Additionally, leveraging renewable energy and sustainable practices can address concerns about electricity consumption. Iron Mountain’s commitment to renewable energy and efficient cooling techniques exemplifies how data centers can align with environmental objectives. These innovations not only benefit the planet but also enhance the industry’s reputation, fostering goodwill among local communities and policymakers.

The evolution of data centers in Virginia reflects broader trends shaping the digital economy. As local governments navigate the challenges of zoning, regulation, and community impact, the need for collaboration and forward-thinking strategies becomes increasingly evident.

By balancing economic growth with sustainability and community well-being, Virginia can continue to lead in data center development, setting an example for regions worldwide.

JLARC Report

The Joint Legislative Audit & Review Commission of the Virginia legislature recently released a report on the impact of data centers on the state. This detailed review of data center impact (over 150 pages) covers everything from land use issues, to sustainability, water, and power impact.

The legislative report concludes that development of data centers in Virginia could triple the state’s energy demands if unconstrained. As succinctly reported by Virginia Mercury‘s Charlie Paullin:

“The report is in line with a recent regulatory filing from Dominion Energy stating annual increases in electric power demand would be relatively flat, if it weren’t for data centers […] Modelling from E3, a third-party consultant, showed that energy demand for the state would increase from just over 10,000 gigawatt hours in 2023 to just over 30,000 gigawatt hours by 2040, if data center development didn’t have to deal with constraints, including needing energy requirements like transmission lines to be available prior to coming online. 

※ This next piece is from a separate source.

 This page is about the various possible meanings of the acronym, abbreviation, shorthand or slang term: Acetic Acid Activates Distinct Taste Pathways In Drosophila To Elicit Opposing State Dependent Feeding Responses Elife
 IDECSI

Without data center development, the demand increased to about 12,500 gigawatt hours […] To meet those demands, more renewable energy facilities like solar and offshore will be needed, but so will natural gas, JLARC’s report stated, which would amount to a new plant being built every one and a half years, approximately […] ither meeting the full unconstrained demand, or half of it, relies on offshore wind and nuclear technology, which JLARC stated could come from the “unproven” small modular reactor technology.”

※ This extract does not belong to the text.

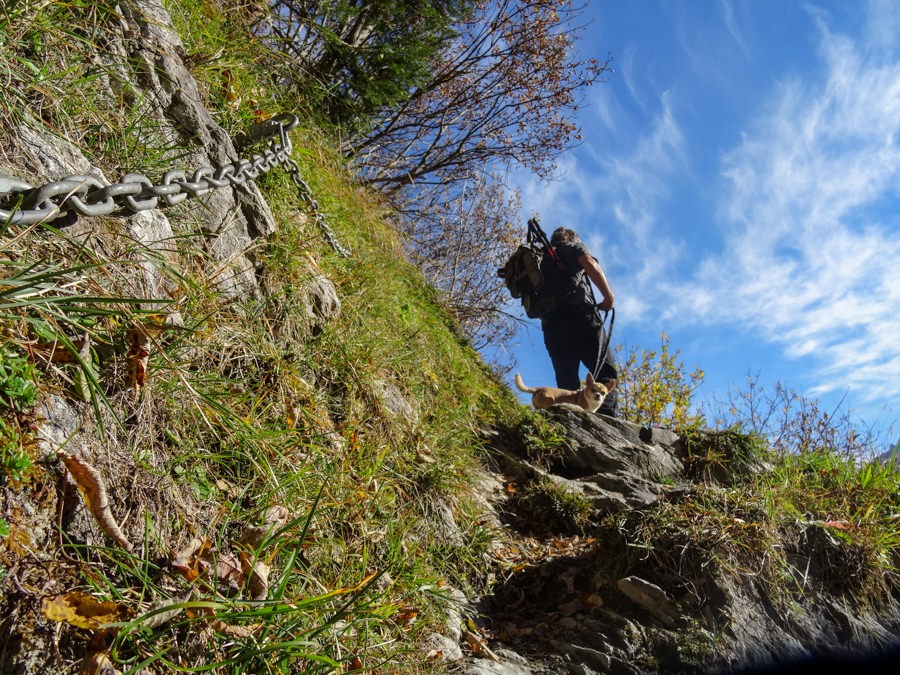 Der Bergwanderweg ist gut gebaut, fast bemerkt man nicht, wie steil der Aufstieg ist.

While we will be further covering the content of the JLARC report in an upcoming story, the nutshell is this: the report found that data centers provide a positive impact to Virginia’s economy, though it is mostly during the initial construction. And in the end, the success of this endeavor will depend on the ability of stakeholders to find common ground.

Whether through zoning reforms, innovative development models, or enhanced sustainability measures, the future of data centers lies in their capacity to adapt to changing demands while remaining rooted in the communities they serve.

Softening NIMBY in VA

And while NIMBY issues often dominate local politics, the development of data centers, with their global footprint, is slowly changing the perspective some Virginia communities have on their development.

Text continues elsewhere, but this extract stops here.